A-feard: To be afraid: ‘That spider under the sink ‘ad me proper a-feard’

Backalong: Sometime in the past: ‘I remember that song from backalong’

Brock: Badger: ‘I seen a brock t’other day that was larger than my wheelbarrow’

Bulorn: Snail: ‘They bliddy bulorns been at my lettuces ageen!’

Cakey: Soft in the head: ‘My cousin be proper cakey in the swede’

Cummus ‘zon: Come on then: ‘We best be off. Cummus ‘zon’

Didnus: Didn’t we: ‘Had a bliddy good larf at the village fete didnus?’
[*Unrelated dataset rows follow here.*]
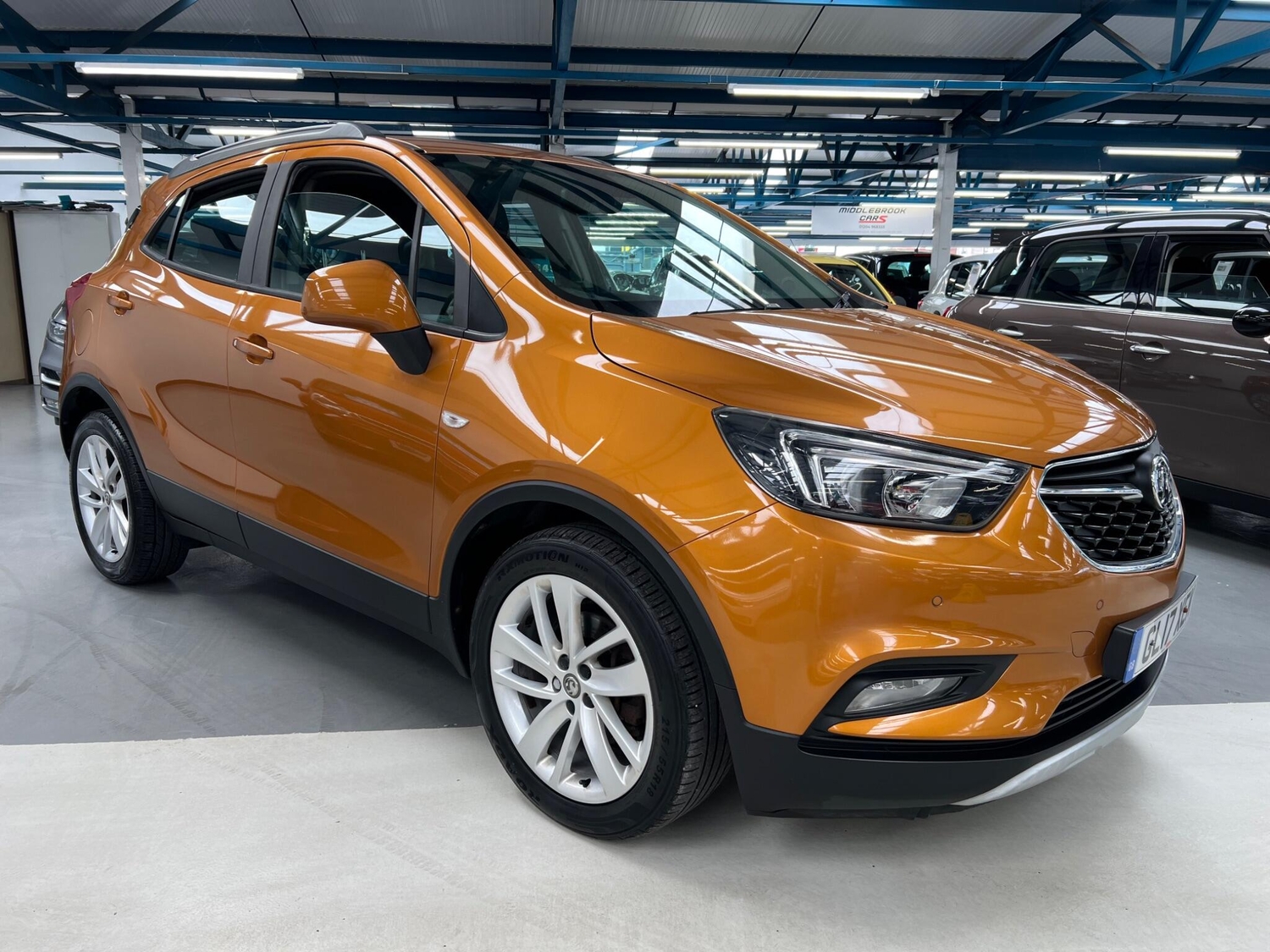 Vauxhall Mokka X Bolton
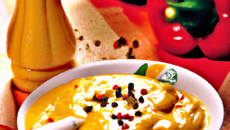 Sauce aux poivrons doux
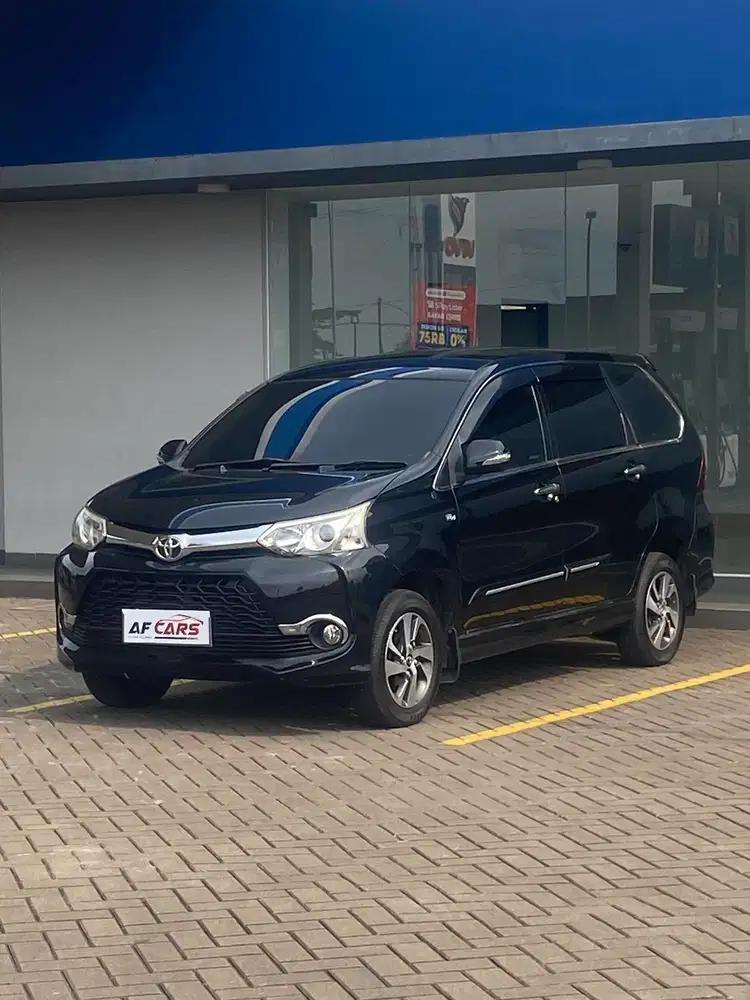 Toyota Avanza Veloz 1.5 At 2017 Bensin
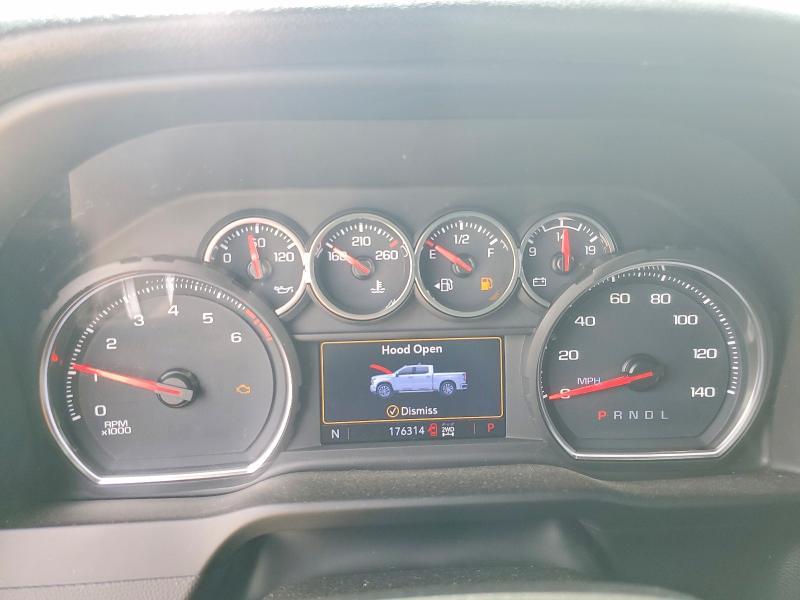 2022 Chevrolet Silverado K2500 Heavy Duty LT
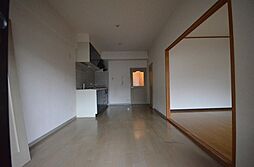 ヴィラ高精III 203 2階2SLDKのリビング/ダイニング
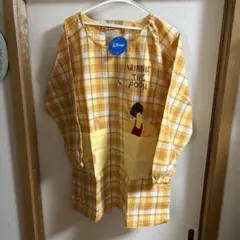 【タグ付き新品未使用】さえら 刺繍入りエプロン淡いグリーン色 2025年最新】エプロン・三角巾の人気アイテム - メルカリ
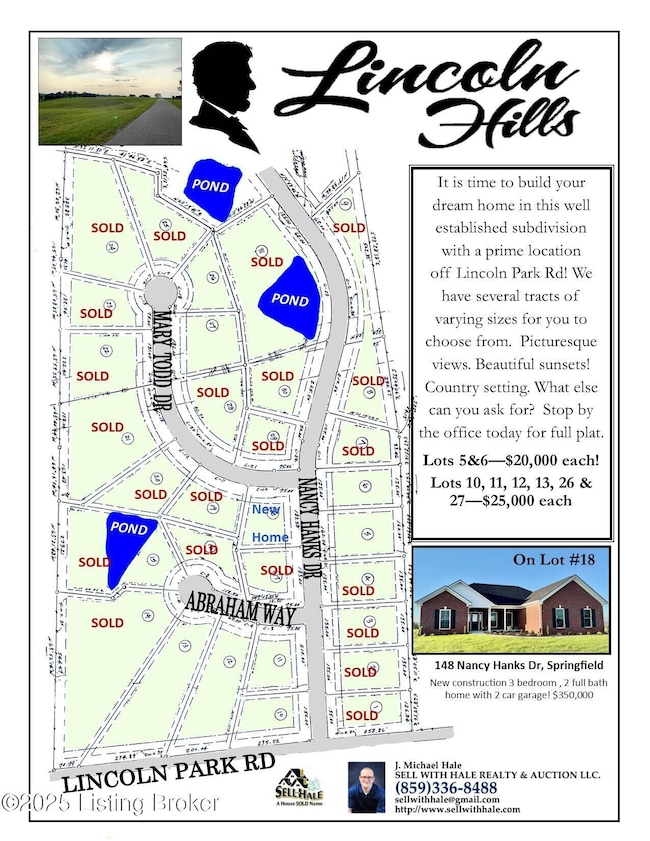 Lincoln Hills Flyer 2025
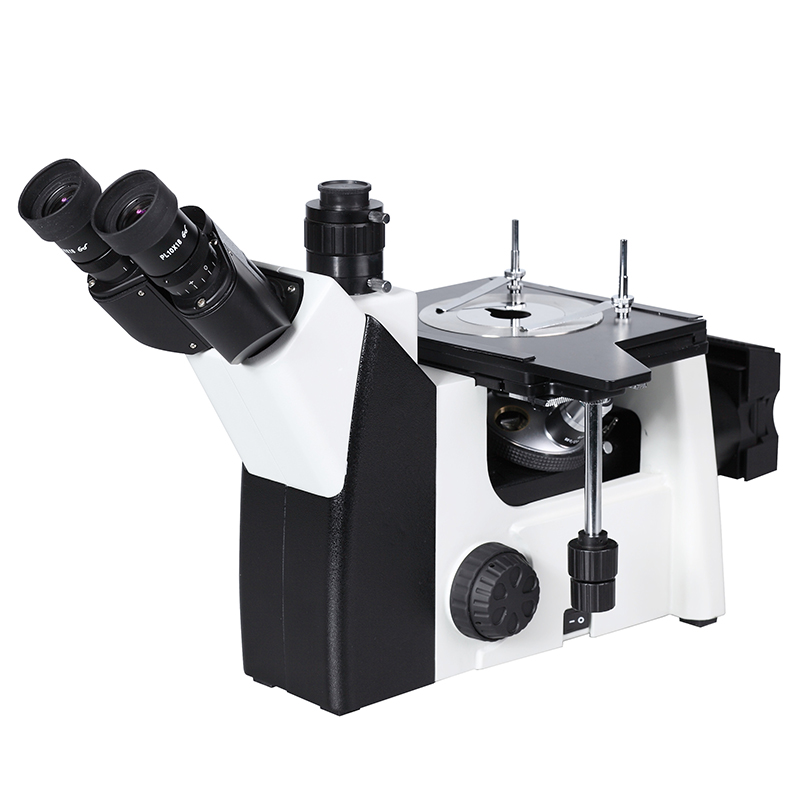 三目倒置金相顯微鏡FCM2000-W型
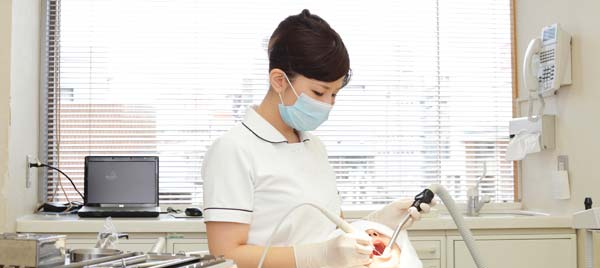 歯科衛生士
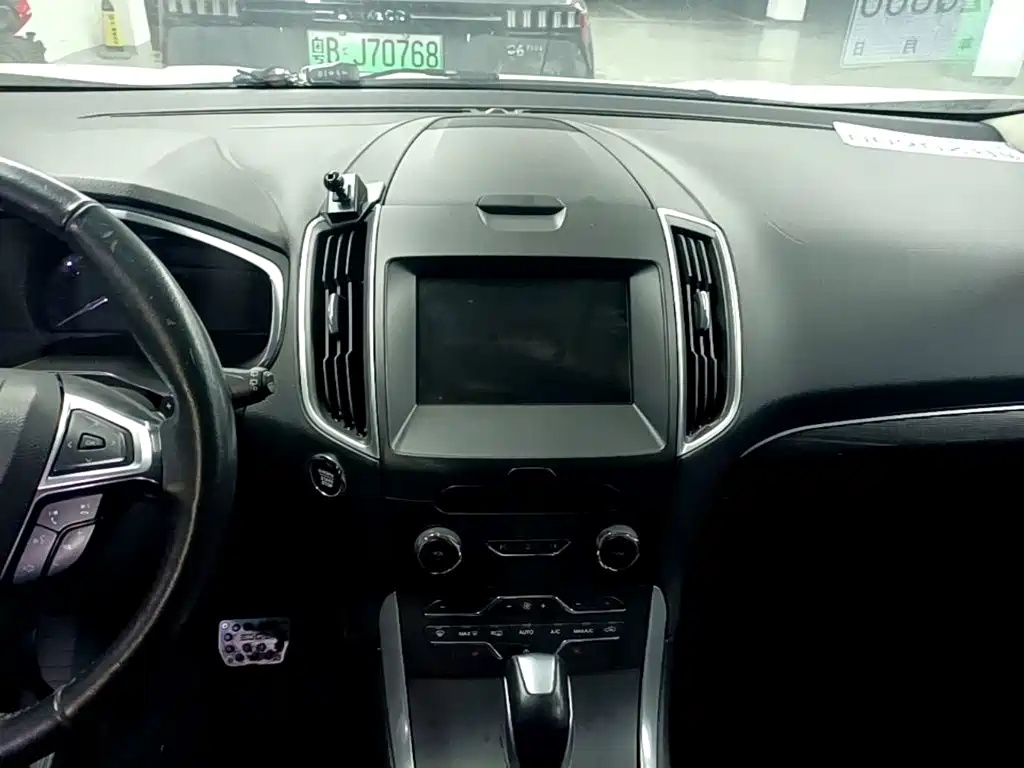 Ruijie 2015 2.0T GTDi two-wheel drive luxury model купить на сайте DeffCars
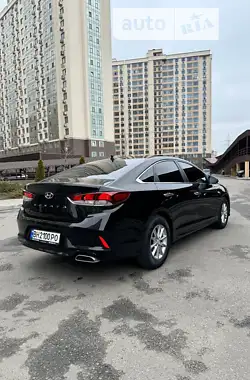 Hyundai Sonata 2019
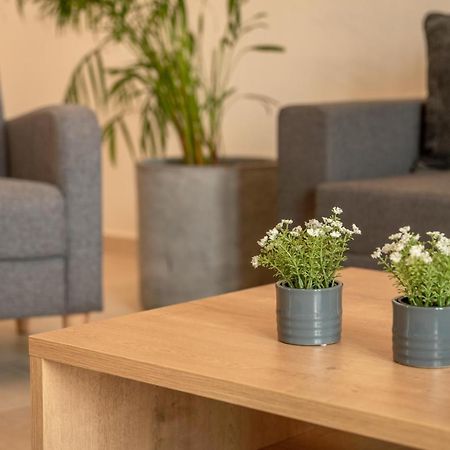 Romanza Kavros Apartment Paralia Kourna Ngoại thất bức ảnh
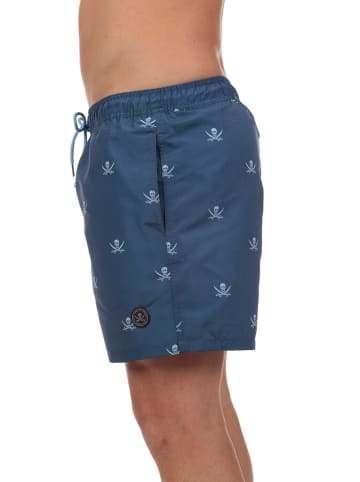 The Time of Bocha Zwemshort donkerblauw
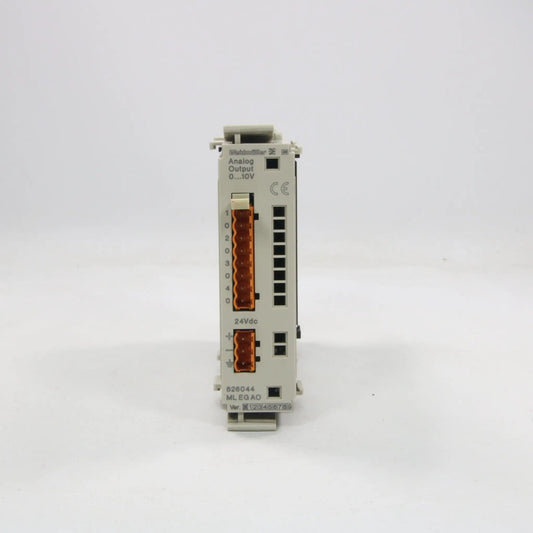 Weidmuller ML EG AO Analog Output Module
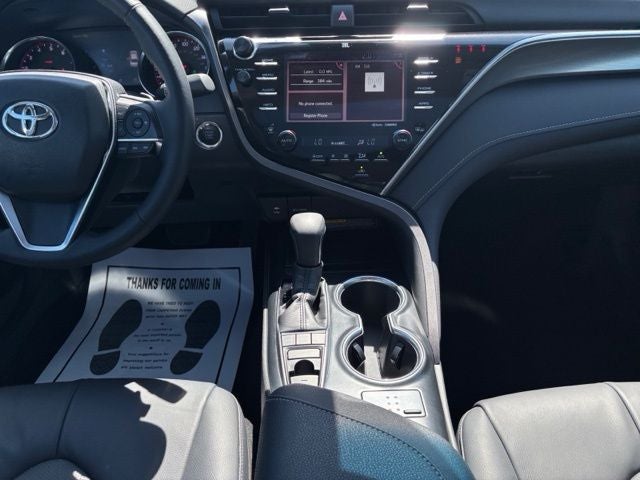 2018 Toyota Camry XSE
Dimpsey: Evening time or dusk: ‘I woz yomping the path home coz it woz fast gettin’ dimpsey’

‘Dimpsey’ in Dartmouth

Dreckly: Sometime in the near future: ‘I shall see ye dreckly’

Drumbledrone: Bumblebee: ‘I be walking a bit ginger on account of ‘aving just sat on the sharp end of a drumbledrone’

Fess: To be pleased as punch: ‘I was fessed right up with my new socks’

Fossick: To search by rummaging: ‘Just ‘ad a good fossick in the hay loft’

Gakeing: Daydreaming: ‘Are you gonna dig they tatties or just stand there gakeing?’

Grockle: A tourist or holidaymaker: ‘Sorry I’m late. Got stuck behind a grockle’ 

Gurt Noodle: Larking around: ‘I add too much cider and got gurt noodle’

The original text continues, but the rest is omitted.